Nel suo discorso di installazione, il presidente Lai ha dichiarato che “la gloriosa era della democrazia di Taiwan è arrivata”, e ha descritto l’isola come “un collegamento importante” in “una catena globale di democrazie”.
La popolazione cristiana a Taiwan rappresenta circa il 4 per cento della popolazione, mentre i membri cattolici sono circa 300 mila, distribuiti su una arcidiocesi e sei diocesi. Taiwan non ha status sovrano alle Nazioni Unite, ma tuttavia intrattiene relazioni diplomatiche con 14 nazioni e relazioni commerciali con circa 47 Stati.
FOCUS CINA
Cina, l’apertura del ministero degli Esteri cinese
Il 21 maggio si è tenuto presso la Pontificia Università Urbaniana una conferenza sul centesimo anniversario del Concilium Sinense, che nel 1924 per la prima volta radunò i vescovi cinesi e diede avvio al processo che portò alla prima ordinazione di vescovi cinesi.
Alla conferenza era presente il vescovo di Shanghai Giuseppe Shen Bin, lo scorso anno nominato unilateralmente dal governo di Pechino e la cui nomina è stata successivamente sanata dal Papa, che in un intervento ha anche difeso la costituzione dell’Associazione Patriottica Cinese, sostenendo che questa non era in contrasto con l’adesione alla fede cattolica, ma era piuttosto un modo di superare o contrastare la mentalità colonialista dei missionari.
Nel suo discorso, il Cardinale Parolin ha da una parte difeso l’approccio della Santa Sede nel dialogare con il governo cinese, dall’altra notato che nessuna potenza straniera può avere influenza sulla Chiesa – l’esempio era quello dei protettorati delle missioni, di cui ci si liberò a seguito dalla Lettera Apostolica Maximum Illud di Benedetto XV, ma poteva benissimo applicarsi anche al governo cinese di oggi.
È noto che da tempo la Santa Sede vorrebbe una “sistemazione” dell’accordo, perlomeno per renderlo più chiaro in alcune procedure, e per rendere chiaro che è il Papa che sceglie i vescovi.
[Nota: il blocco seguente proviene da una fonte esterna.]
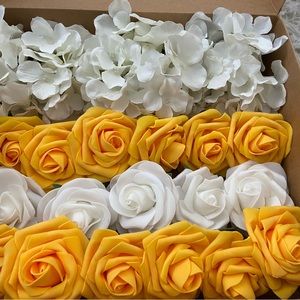 20 Count | White Hydrangeas Yellow Roses Bouquet Centerpiece Wedding Flowers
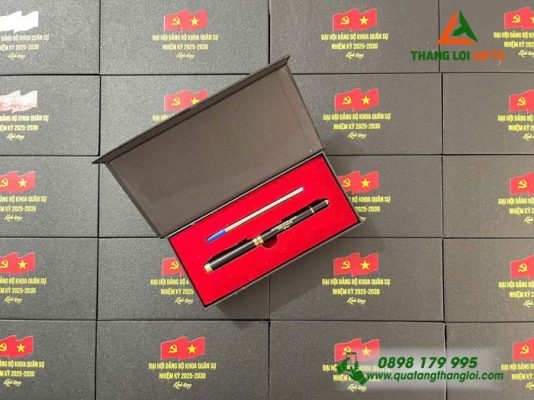  Bút Ký Kim Loại Khắc Logo Đại Hội Đảng Khoa Quân Sự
A tal proposito, è interessante notare che la prossima settimana si dovrebbe tenere in Vaticano un incontro di aggiornamento sull’accordo sino-vaticano per la nomina dei vescovi. Finora, gli incontri si sono tenuti, a livello massimo di viceministro degli Esteri, in Cina. L’incontro della prossima settimana non eliminerebbe, comunque, il tradizionale incontro di ottobre.
L’apertura del Cardinale Parolin allo stabilimento di un ufficio della Santa Sede in Cina, tra l’altro lanciata con forza proprio quando si creò il “caso Shen Bin”, è stata ben accolta dalla Cina. Wang Wenbin, portavoce del ministro degli Esteri cinese, ha affermato da parte sua nella conferenza stampa del 22 maggio che la Cina “ha intenzione di lavorare insieme al Vaticano per promuovere il continuo miglioramento delle relazioni Vaticano – Cina”.
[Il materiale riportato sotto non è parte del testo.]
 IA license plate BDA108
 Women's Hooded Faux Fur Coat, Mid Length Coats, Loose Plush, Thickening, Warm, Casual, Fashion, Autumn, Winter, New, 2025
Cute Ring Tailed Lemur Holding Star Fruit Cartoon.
Le due parti, ha aggiunto Weng Wenbin, hanno mantenuto “profonda comunicazione sulle relazioni bilaterali e i temi caldi internazionali.
Il ministero degli Esteri taiwanese, appena insediato, ha fatto sapere di guardare con grande attenzione al riavvicinamento tra Cina e Vaticano, e ha sottolineato che Pechino ha continuato a violare i termini dell’accordo del 2018.
“Comprendiamo – ha detto il ministero degli Esteri di Taipei – che la Santa Sede spera di promuovere la libertà di credo e i diritti dei cattolici cinesi e ha pubblicamente espresso il suo desiderio di inviare dei rappresentanti in Cina in molte occasioni”. Inoltre, il ministero ha accusato Pechino di reprimere la libertà religiosa e ha chiesto a tutte le nazioni di spingere la Cina a “fermare le violazioni della libertà religiosa e dei diritti umani fondamentali”.
Taiwan presente all’incontro della Pontificia Accademia delle Scienze sul Clima
(La storia continua sotto)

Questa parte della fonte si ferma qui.